A inteligência artificial vista com a sabedoria do coração

Em um tempo que corre o risco de se tornar “rico em técnica e pobre em humanidade”, o Papa Francisco, no Dia Mundial das Comunicações Sociais de 2024*, nos convida a refletir sobre a inteligência artificial a partir do nosso coração

A evolução dos sistemas da chamada “inteligência artificial” […] a rápida difusão de maravilhosas invenções, cujo funcionamento e potencialidades são indecifráveis para a maior parte de nós, suscita um espanto que oscila entre entusiasmo e desorientação e põe-nos inevitavelmente diante de questões fundamentais: o que é, então, o homem, qual é a sua especificidade e qual será o futuro do Homo sapiens na era das inteligências artificiais? Como podemos permanecer plenamente humanos e orientar para o bem a mudança cultural em curso?

Antes de tudo, convém limpar o terreno das leituras catastróficas e dos seus efeitos paralisadores. Há um século, Romano Guardini, refletindo sobre a técnica e o homem, convidava a não se inveterar contra o “novo” na tentativa de “conservar um mundo belo condenado a desaparecer”. Ao mesmo tempo, porém, com veemência profética, advertia: “O nosso posto é no devir. Devemos inserir-nos nele, cada um no seu lugar (…), aderindo honestamente, mas permanecendo sensíveis, com um coração incorruptível, a tudo o que nele houver de destrutivo e não humano”. E concluía: “Trata-se – é verdade – de problemas de natureza técnica, científica e política; mas só podem ser resolvidos passando pelo homem. Deve-se formar um novo tipo humano, dotado de uma espiritualidade mais profunda, de uma nova liberdade e de uma nova interioridade” (GUARDINI, R. Cartas del Lago de Como. Navarra: EUNSA, 2013)

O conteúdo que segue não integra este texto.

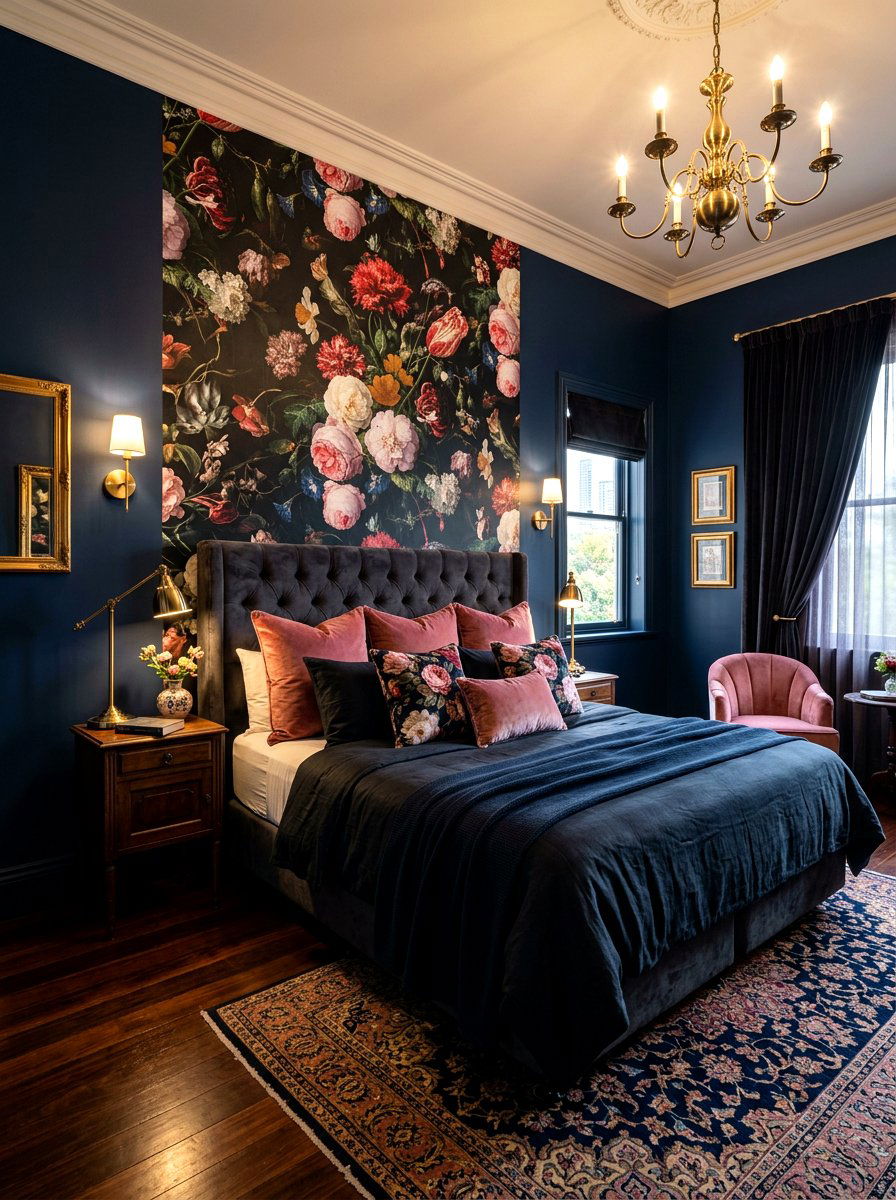 Dark Floral Wallpaper Bedroom - 30 moody hotel bedroom ideas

Neste tempo que corre o risco de ser rico em técnica e pobre em humanidade, a nossa reflexão só pode partir do coração humano. Somente dotando-nos de um olhar espiritual, apenas recuperando uma sabedoria do coração, é que poderemos ler e interpretar a novidade do nosso tempo e descobrir o caminho para uma comunicação plenamente humana. O coração, entendido biblicamente como sede da liberdade e das decisões mais importantes da vida, é símbolo de integridade e de unidade, mas evoca também os afetos, os desejos, os sonhos, e sobretudo é o lugar interior do encontro com Deus. Por isso, a sabedoria do coração é a virtude que nos permite combinar o todo com as partes, as decisões com as suas consequências, as grandezas com as fragilidades, o passado com o futuro, o eu com o nós.

Esta sabedoria do coração deixa-se encontrar por quem a busca e deixa-se ver a quem a ama; antecipa-se a quem a deseja e vai à procura de quem é digno dela (cf. Sab 6,12-16). Está com quem aceita conselho (cf. Pr 13,10), com quem tem um coração dócil, um coração que escuta (cf. 1 Re 3,9). É um dom do Espírito Santo, que permite ver as coisas com os olhos de Deus, compreender as interligações, as situações, os acontecimentos e descobrir o seu sentido. Sem essa sabedoria, a existência torna-se insípida, pois é precisamente a sabedoria que dá gosto à vida: a sua raiz latina sapere associa-a a “sabor”.

Não podemos esperar essa sabedoria das máquinas. Embora o termo inteligência artificial já tenha suplantado o termo mais correto utilizado na literatura científica de machine learning (aprendizagem automática), o próprio uso da palavra “inteligência” é falacioso. É certo que as máquinas têm uma capacidade imensamente maior do que os seres humanos de memorizar os dados e relacioná-los entre si, mas compete ao homem, e só a ele, descodificar o seu sentido. Não se trata, pois, de exigir das máquinas que pareçam humanas; mas de despertar o homem da hipnose em que cai devido ao seu delírio de onipotência, crendo-se sujeito totalmente autônomo e autorreferencial, separado de toda a ligação social e esquecido da sua condição de criatura […]

Somos chamados a crescer juntos, em humanidade e como humanidade. O desafio que temos diante de nós é realizar um salto de qualidade para estarmos à altura de uma sociedade complexa, multiétnica, pluralista, multirreligiosa e multicultural.

Trechos da Mensagem do Papa Francisco para o Dia Mundial das Comunicações Sociais de 2024.